= Instructions for the task =
Your task is to print all of the data below exactly, with no pictures included.

Given data below:

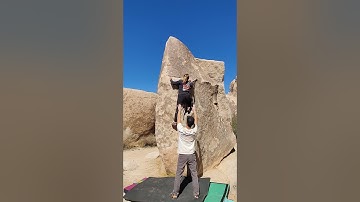 Joshua Tree Bouldering - Riff Raff (V0)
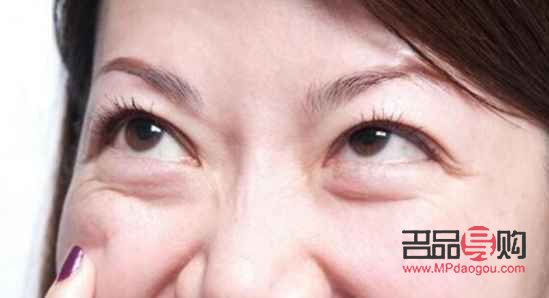 下眼袋處腫了像蚊子包有點疼(下眼袋處腫了像蚊子包有點疼怎么回事)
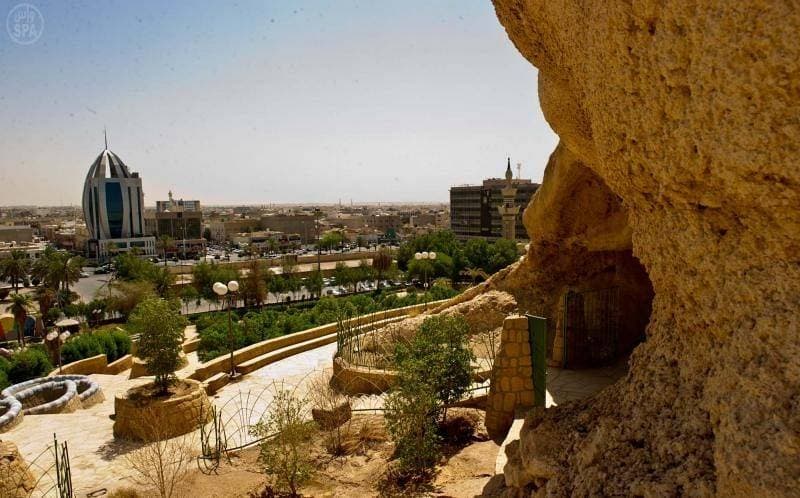 يعد الجبل من أبرز الأماكن التاريخية في الرياض.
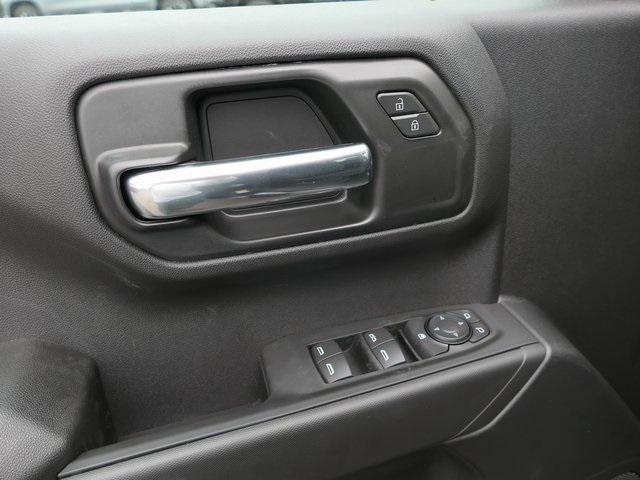 new 2025 Chevrolet Silverado 1500 car, priced at $45,044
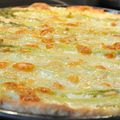 Pizza aux asperges vertes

End of Given data.

= Solution for this task =
 Joshua Tree Bouldering - Riff Raff (V0)
 下眼袋處腫了像蚊子包有點疼(下眼袋處腫了像蚊子包有點疼怎么回事)
 يعد الجبل من أبرز الأماكن التاريخية في الرياض.
 new 2025 Chevrolet Silverado 1500 car, priced at $45,044
 Pizza aux asperges vertes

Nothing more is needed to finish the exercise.